Au point de vue international, nous devons prouver que nous sommes encore capables de combattre. Je ne veux pas que l’on persiste à « révolutionner » l’armée. Autrement, il arrivera que nous ne pourrons plus ni attaquer, ni nous défendre. La défensive est, du reste, bien plus pénible que l’offensive. En 1915, tandis que nous battions en retraite, les chefs commandaient, on leur obéissait. Vous pouviez alors vous montrer exigeants : c’est nous qui avions instruit les troupes. Maintenant la situation est bien différente : vous avez créé une armée nouvelle et vous nous avez dépouillés de notre autorité.

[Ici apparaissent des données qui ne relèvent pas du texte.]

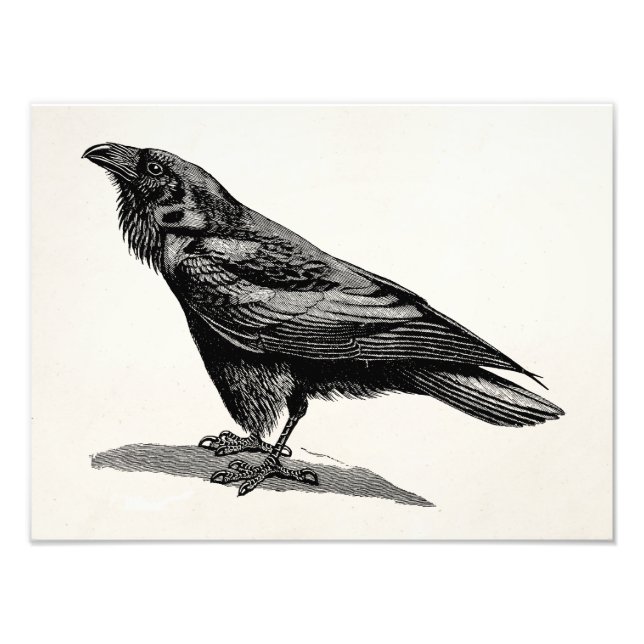 Foto Vintage Raven Crow Blackbird Illustration (Frente)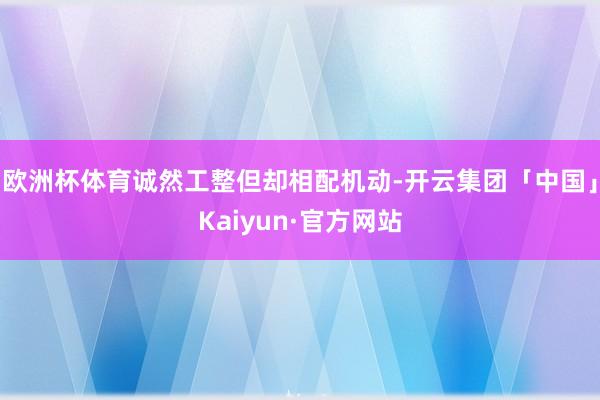 欧洲杯体育诚然工整但却相配机动-开云集团「中国」Kaiyun·官方网站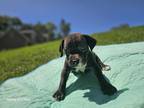 Adopt Ducky a Black - with White American Pit Bull Terrier / American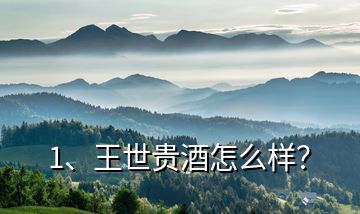 1、王世貴酒怎么樣？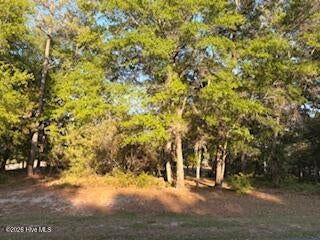 Tiny photo for 2000 Oyster Harbour Parkway SW, Supply, NC 28462 (MLS # 100605796)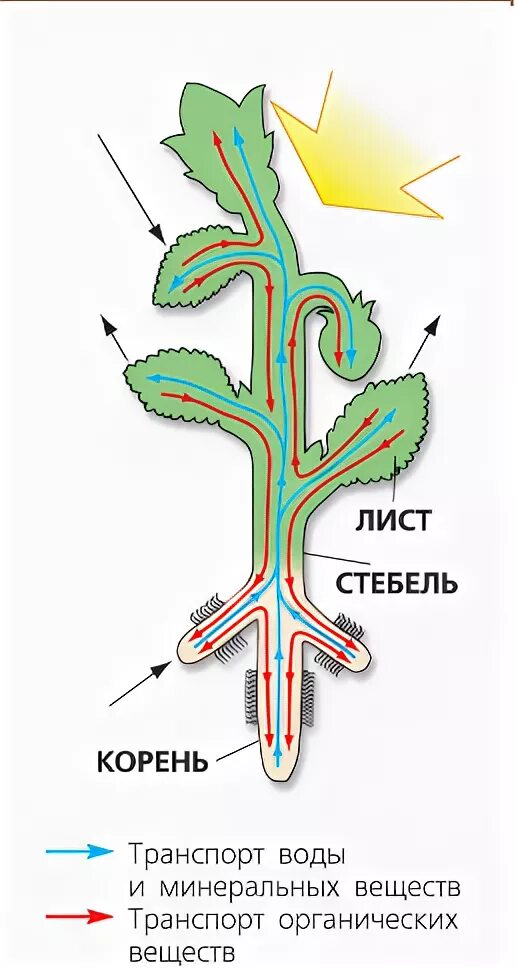 Схема транспорт веществ в организме растения. Схема передвижения Минеральных веществ по растению. Транспорт веществ по растению схема. Схема передвижения питательных веществ по растению. Органы передвижения веществ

Vous ne pouvez plus nous attribuer la responsabilité des événements, c’est à vous qu’elle incombe, entièrement.

Vous dites : « la révolution continue ». Écoutez-nous : nous connaissons mieux que vous les sentiments des soldats. Avec eux, nous avons vécu des heures de joie et des heures de deuil. Suspendez la révolution ! Laissez-nous conduire la Russie à la paix par la victoire. Alors, vous pourrez achever votre œuvre.

Autrement nous ne vous restituerons qu’un champ où nos ennemis sèmeront et moissonneront — et la démocratie vous maudira. Car c’est elle qui souffrira si les Allemands sont vainqueurs : c’est elle précisément qui manquera de pain. Quant aux paysans, leur terre les nourrira toujours.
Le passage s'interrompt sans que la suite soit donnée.